Figure 1: The distributions of the “featured” vote fraction for real (SDSS; Green, filled bars) and simulated (Illustris; Blue, hollow bars) galaxy images. There is an obvious mismatch between the distributions for the simulated and real galaxy images.
To try to understand the origin of the mismatch between Illustris galaxies and those in the real Universe, we separated both of the image samples into three sub-groups based on the total mass of the stars that the galaxies contain (more succinctly described as their “stellar mass”). Each of the panels in Figure 2 can be interpreted in the same way as Figure 1, except that they correspond only to the galaxies for each of the three stellar mass sub-groups. The two panels to the left are for galaxies with stellar masses less than the mass of 1000 billion suns. They look remarkably similar to Figure 1 with the SDSS and Illustris distributions matching very poorly. However, the situation changes markedly in the right-hand panel. For these extremely massive galaxies, it appears that the Illustris simulation reproduces the observed proportion of visibly featured galaxies much better, although the population of unambiguously featured galaxies is still absent.

Figure 2: The distributions of the “featured” vote fraction for real (SDSS; Green, filled bars) and simulated (Illustris; Blue, hollow bars) galaxy images. The distributions are shown for sub-groups of galaxies that are subdivided according to stellar mass. The distributions for the most massive galaxies, with stellar masses greater than the mass of 1000 billion suns, are shown in the right-hand panel. It is only for these very massive galaxies that the vote fraction distributions for simulated and real galaxies begin to look similar.
The change in behavior with stellar-mass that we have identified might simply be an artifact of the finite resolution at which Illustris is able to simulate the Universe.

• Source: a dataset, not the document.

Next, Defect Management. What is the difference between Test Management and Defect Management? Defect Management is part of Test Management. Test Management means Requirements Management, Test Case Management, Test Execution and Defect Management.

Computational power is limited, so Illustris cannot accurately model the positions, interactions and evolution of every star in its simulation volume (and of course tracking individual gas atoms or dark matter particles is completely impossible!). Instead, Illustris models large groups of stars, and large accumulations of gas and dark matter as single “particles” and models the way that they interact with each other. The features that volunteers perceive in Illustris galaxy images manifest substructures formed by groups of many such particles. Simulated galaxies with larger stellar masses contain more stellar particles that enable the simulation to model finer structural details which may be necessary to emulate the appearance of real galaxies.

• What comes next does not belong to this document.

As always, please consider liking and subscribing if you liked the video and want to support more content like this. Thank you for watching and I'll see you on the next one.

Studies involving automatic morphological classification of Illustris galaxy images (e.g. Bottrell et al 2017, Snyder et al 2015) have also identified a marked divergence with galaxies in the real Universe below the same 1000 billion solar mass limit that we have found. Confirmation that the visual appearance of galaxies also changes perceptibly complements a growing body of knowledge on this subject.
Dust is another constituent of galaxies that can substantially modify their appearance by absorbing bluer light that typically indicates star formation and re-emitting it at redder wavelengths. This dust reddening effect is not accounted for by the Illustris simulations and could obscure the visibility of features that are actually present in real galaxies. This means that Illustris might be modeling real galaxies better than it seems, and coupling of a dust reddening model to the simulation output might improve the correspondence between the mismatched vote fraction distributions at lower stellar masses.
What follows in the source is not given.